▶ **SOURCE MATERIAL**
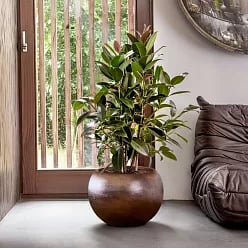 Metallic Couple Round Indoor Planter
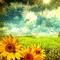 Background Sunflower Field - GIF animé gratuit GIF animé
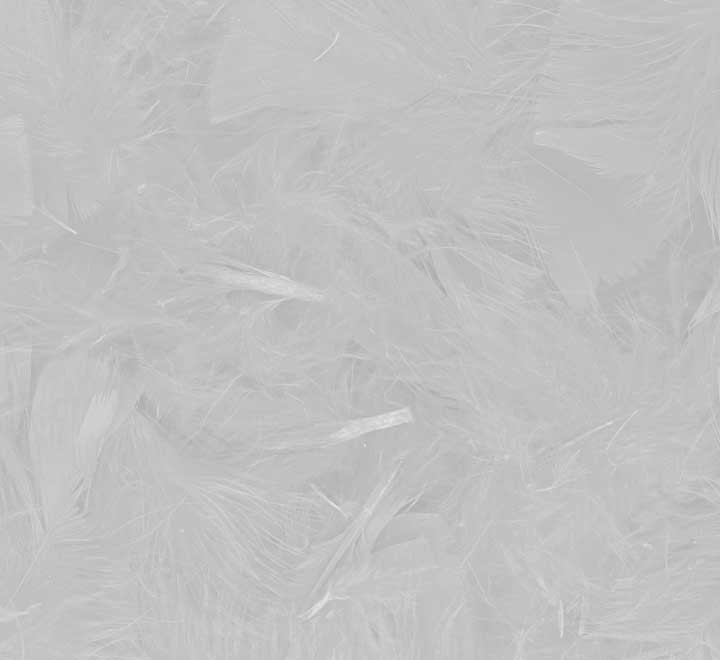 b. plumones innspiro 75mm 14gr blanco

--

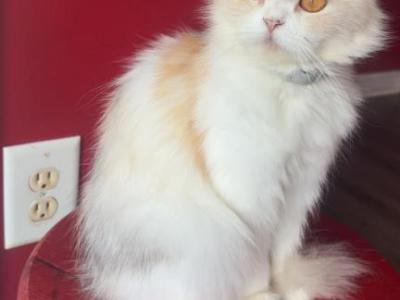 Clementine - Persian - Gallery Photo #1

▶ **WHAT IS BEING ASKED**
Start with the line above containing "Metallic Couple Round Indoor Planter" and end with the line containing "b. plumones innspiro 75mm 14gr blanco". Set down that stretch exactly, without any pictures.

▶ **OUTPUT OF THE TASK**
 Metallic Couple Round Indoor Planter
 Background Sunflower Field - GIF animé gratuit GIF animé
 b. plumones innspiro 75mm 14gr blanco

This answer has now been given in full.